The first thing to appear as quite unusual on the new Milan parts was the idle power consumption of the various new SKUs. On the last generation Rome platform, I had measured package power of a single socket idling at around 65W. Compared to regular desktop CPUs this is quite a lot, however seemed relatively normal given the 8 memory controller channels, tons of I/O, as well as the fact that AMD uses an MCM/chiplet design which could possibly have a power overhead at low load. This figure was already higher than competing monolithic solutions from Intel or Ampere – I don’t have the exact figures at hand here and that’s why I didn’t include them in the chart but I remember seeing around 30-50W idle there.

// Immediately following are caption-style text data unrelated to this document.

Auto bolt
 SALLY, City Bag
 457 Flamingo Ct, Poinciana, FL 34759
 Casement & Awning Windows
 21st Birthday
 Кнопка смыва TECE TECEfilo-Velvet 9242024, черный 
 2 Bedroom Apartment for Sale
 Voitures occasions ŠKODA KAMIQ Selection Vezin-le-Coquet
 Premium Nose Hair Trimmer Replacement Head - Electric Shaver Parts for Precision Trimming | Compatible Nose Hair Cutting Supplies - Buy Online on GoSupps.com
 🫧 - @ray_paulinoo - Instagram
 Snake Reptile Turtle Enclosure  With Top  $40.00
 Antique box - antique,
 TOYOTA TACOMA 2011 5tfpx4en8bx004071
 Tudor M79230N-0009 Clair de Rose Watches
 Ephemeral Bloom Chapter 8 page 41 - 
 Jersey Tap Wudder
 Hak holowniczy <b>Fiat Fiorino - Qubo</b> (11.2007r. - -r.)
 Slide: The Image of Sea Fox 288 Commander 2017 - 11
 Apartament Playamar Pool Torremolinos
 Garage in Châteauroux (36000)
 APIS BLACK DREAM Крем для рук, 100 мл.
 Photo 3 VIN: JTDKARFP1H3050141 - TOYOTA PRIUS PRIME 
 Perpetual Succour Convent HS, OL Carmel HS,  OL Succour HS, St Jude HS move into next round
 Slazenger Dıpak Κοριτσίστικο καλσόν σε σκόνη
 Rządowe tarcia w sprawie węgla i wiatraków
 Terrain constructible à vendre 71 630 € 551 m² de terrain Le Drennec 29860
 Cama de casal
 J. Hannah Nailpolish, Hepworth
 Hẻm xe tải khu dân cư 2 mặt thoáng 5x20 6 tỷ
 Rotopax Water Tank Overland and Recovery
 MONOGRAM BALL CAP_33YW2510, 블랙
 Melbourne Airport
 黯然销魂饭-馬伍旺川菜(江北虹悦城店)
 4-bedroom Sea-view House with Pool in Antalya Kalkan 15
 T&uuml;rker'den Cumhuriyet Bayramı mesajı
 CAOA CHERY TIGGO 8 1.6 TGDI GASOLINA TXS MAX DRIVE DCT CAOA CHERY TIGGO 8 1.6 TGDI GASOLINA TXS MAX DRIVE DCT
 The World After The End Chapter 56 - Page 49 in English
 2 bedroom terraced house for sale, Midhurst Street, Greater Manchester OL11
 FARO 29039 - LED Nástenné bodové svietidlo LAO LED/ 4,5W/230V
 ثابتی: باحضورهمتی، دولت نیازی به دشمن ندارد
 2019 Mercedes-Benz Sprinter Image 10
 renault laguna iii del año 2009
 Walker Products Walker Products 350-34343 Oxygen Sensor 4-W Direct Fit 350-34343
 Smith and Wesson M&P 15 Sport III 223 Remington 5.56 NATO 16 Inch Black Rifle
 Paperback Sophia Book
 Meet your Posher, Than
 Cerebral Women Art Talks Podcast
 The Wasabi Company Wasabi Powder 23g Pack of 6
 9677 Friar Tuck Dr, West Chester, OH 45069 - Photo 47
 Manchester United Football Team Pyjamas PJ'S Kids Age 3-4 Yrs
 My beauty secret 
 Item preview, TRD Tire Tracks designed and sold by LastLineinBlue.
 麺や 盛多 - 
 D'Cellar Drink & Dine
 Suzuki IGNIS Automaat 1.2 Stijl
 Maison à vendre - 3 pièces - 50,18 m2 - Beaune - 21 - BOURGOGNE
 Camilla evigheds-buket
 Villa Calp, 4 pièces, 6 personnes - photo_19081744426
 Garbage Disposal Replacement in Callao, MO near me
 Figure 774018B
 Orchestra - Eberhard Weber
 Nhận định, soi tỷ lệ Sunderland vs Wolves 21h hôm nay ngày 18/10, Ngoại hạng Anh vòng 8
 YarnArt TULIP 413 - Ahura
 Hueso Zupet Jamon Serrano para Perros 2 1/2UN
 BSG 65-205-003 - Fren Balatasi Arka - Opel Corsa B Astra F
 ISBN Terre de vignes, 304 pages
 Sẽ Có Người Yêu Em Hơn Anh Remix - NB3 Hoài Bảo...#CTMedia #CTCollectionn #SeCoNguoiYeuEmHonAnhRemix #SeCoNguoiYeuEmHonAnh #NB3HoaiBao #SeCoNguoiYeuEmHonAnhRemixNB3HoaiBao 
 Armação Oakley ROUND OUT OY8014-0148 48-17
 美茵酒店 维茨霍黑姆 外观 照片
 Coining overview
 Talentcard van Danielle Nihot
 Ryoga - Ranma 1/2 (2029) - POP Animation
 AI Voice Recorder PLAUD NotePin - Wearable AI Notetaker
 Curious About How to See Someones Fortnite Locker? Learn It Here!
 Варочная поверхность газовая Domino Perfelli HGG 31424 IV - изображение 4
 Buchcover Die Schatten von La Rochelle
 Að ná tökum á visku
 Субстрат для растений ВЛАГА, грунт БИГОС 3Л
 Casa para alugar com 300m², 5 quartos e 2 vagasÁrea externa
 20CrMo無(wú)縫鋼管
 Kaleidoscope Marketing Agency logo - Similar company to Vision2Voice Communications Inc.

Unfortunately, on Milan, this figure has seemingly risen to around 100W, reaching up to 111W in our test of the 75F3 system. This 30-40W increase in package power was a bit worrying as that shouldn’t normally be something you’d see in idle situations, where power management normally would kick in to reduce power consumption of the system.
I’ve proceeded to run all our SPEC workloads with power tracing of the system’s package and core power. We’re using AMD’s energy counters to achieve this, and are simply measuring in the start and end energy consumption, meaning there’s zero overhead and we have a precise figure in Joules based on how much the system has consumed during a workload (At least as precise as the numbers are reported). It’s to be noted that while the package power is evident in what it shows, simply the total energy of the socket package, the “core” power consumption metric is limited to just the individual CPU cores and their private L2 caches, without any of the shared L3 or other un-core components.
We’re comparing the power behaviour of four parts: For the Rome SKUs, we’re using an EPYC 7742 as well as an EPYC 7662. For the Milan parts, we’re using the 7663 and the 7713. It’s to be noted that because the EPYC 7663 is normally a 280W part, we’ve tuned down the power consumption via cTDP and PPT to 225W – this is not the way you’d normally operate the part but represents an interesting data-point when comparing things to the three other 225W CPUs.
I’d also like to mention that AMD had made note that the 7713 is meant to be positioned as a successor to the 7662, not the 7742, which is meant to be a higher-binned more power efficient part. However due to due 7713 coming in at almost the same price as the 7742 at launch, and due to the power behaviour of the two chips, I see these to chips as the better apples-to-apples generational comparison, although the argument we’re making also applies to the 7662 comparison.
|Rome vs Milan Power Efficiency|
|Score / W||1.143||1.176||1.066||1.028|
|Score / W||0.953||0.965||0.894||0.861|
In terms of absolute power consumption, all the parts generally land in the same 220W range figure, although we do see that in terms of actual measured power the Rome parts are a bit more conservative, especially the 7662. We’re running the CPUs in performance determinism mode – power determinism would always fill out the configured TDP but possibly would have little positive performance impact and certain power efficiency regressions.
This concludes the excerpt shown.